# Why would creme brulee not freeze hard?



## annieskitchen (Sep 18, 2015)

Yesterday evening I lined a muffin tin with paper liners and filled each cup three-quarters of the capacity with creme brulee mixture.

I expected to find them frozen solid this morning, but they are still creamy.

There is nothing wrong with my freezer and the other foods are frozen solid.

Any idea why they would not freeze hard?

The ingredients are:

eggs

heavy cream

erythritol (natural sweetener)

stevia glycerite

vanilla

and topping made of:

butter

almonds

erythritol

stevia glycerite

Doesn't dairy freeze ok? I have cheesecake in the freezer with basically the same ingredients and they are frozen solid.

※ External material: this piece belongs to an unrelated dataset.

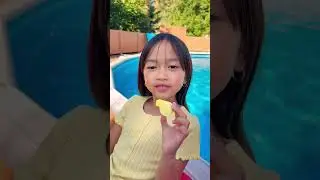 Candy whistle prank on mom 😙👧🏻❤️👩🏻🤣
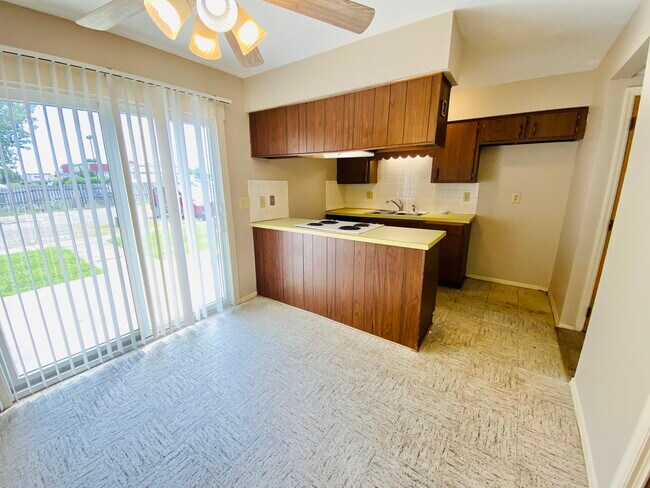 Building Photo - 1359 Chippewa Dr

I am stumped. Please help.


----------



## phatch (Mar 29, 2002)

Sugars and alcohol will prevent solid freezing depending how much is present in the mix. Part of why they're used in ice cream. And your erythritol is a sugar alcohol as is the glycerol your stevia is extracted in.

You're probably going to have weeping problems as well if you do get it to freeze and then thaw it. Freezing will disrupt the protien web holding the creme brulee together.


----------



## annieskitchen (Sep 18, 2015)

I found that the refrigerator control setting had somehow been turned to the lowest setting. After adjusting, the creme brulee is hard.

But I will watch them when defrosting to see if there is a deterioration in quality.


----------



## annieskitchen (Sep 18, 2015)

Well, it didn't freeze hard. A portion from a previous batch had frozen hard but the latest batch was still soft. Apparently I used a different amount of erythritol between the batches.

SO

In the soft "unfrozen" state, is creme brulee preserved (assumed to be frozen) the same as a hard-frozen item would be? Will it perish as though it was not in the freezer?


----------



## phatch (Mar 29, 2002)

To my knowledge, the temperature provides the protection, not being frozen hard.  Though there are some physical protective features of being frozen hard too. Doesn't spill for example.


----------